Because the result was always unique, I could easily flag duplicate rows.
A row with the same inputs and the same outputs (in red).
Unfortunately, they weren't always unique. I came across an issue where two very obviously different rows happened to get the same multiplied result, or a "false positive."
A additional row with different inputs but the same output as the other two (in red).
I needed to find a way to show an absolutely unique value for every unique row in the spreadsheet.
Unfortunately, I ended up doing a lot of extra work manually checking each duplicate row. It was better than submitting a bad report, but I knew there was a better method.

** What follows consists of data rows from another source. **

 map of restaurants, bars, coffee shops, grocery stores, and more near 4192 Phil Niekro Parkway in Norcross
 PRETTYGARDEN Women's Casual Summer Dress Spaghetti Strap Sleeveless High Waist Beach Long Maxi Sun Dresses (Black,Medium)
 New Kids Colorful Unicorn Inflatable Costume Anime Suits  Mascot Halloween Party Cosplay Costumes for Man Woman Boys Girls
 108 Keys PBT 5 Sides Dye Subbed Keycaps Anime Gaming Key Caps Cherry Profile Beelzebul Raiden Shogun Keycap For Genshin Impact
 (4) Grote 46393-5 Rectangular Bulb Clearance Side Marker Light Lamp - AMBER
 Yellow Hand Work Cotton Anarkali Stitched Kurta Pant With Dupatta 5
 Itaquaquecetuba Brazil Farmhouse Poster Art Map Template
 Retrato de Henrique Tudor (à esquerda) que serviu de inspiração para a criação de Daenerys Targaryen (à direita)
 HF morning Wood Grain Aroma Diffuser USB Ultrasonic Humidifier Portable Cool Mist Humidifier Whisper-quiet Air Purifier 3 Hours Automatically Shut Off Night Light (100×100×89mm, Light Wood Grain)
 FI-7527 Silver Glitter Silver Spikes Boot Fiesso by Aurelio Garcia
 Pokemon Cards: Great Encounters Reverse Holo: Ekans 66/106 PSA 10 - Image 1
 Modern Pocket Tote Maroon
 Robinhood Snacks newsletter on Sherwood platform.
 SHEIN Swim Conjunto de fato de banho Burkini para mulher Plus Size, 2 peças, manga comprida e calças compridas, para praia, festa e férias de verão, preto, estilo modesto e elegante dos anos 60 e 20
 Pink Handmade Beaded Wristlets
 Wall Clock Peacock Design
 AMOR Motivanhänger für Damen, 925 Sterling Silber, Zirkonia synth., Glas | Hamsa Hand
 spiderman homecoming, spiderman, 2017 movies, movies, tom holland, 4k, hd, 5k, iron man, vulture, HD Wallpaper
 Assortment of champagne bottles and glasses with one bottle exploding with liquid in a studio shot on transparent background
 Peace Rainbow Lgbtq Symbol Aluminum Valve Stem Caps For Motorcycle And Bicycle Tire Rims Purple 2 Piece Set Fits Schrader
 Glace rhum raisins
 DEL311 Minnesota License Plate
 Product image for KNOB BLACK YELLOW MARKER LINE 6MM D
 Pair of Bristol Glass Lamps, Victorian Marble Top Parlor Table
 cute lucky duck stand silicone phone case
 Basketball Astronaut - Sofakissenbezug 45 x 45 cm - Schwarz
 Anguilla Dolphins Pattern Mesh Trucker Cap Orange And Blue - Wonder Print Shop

Not long afterwards I learned about a trick that could deliver a unique number for each row: hashing software. And it's a technique in use throughout computing.
Why would I use a hash file?
First, no matter how large the file or what computer is used to compute it, the hash value is always the same.
And these unique values carry valuable information that lets you:
-
Find duplicate files such as finding and deleting duplicate photos. Any files with the same hash are duplicates – you don't need to open and compare them.
-
Identify a file - You and a coworker are updating the same file and upload it to a server. If the server doesn't show who posted what, how do you determine which one was yours without going line-by-line for changes? Just compare your machine's hash with the remote file hash.
-
Ensure the file you've downloaded is the right one. For example, if you get a software program from a website, how do you know the website or the upload was hijacked or corrupted? Hashes can help detect problems.
-
Assign a reputation to a file. If an older version of a program worked better than the latest, knowing the hash lets you identify which one to use.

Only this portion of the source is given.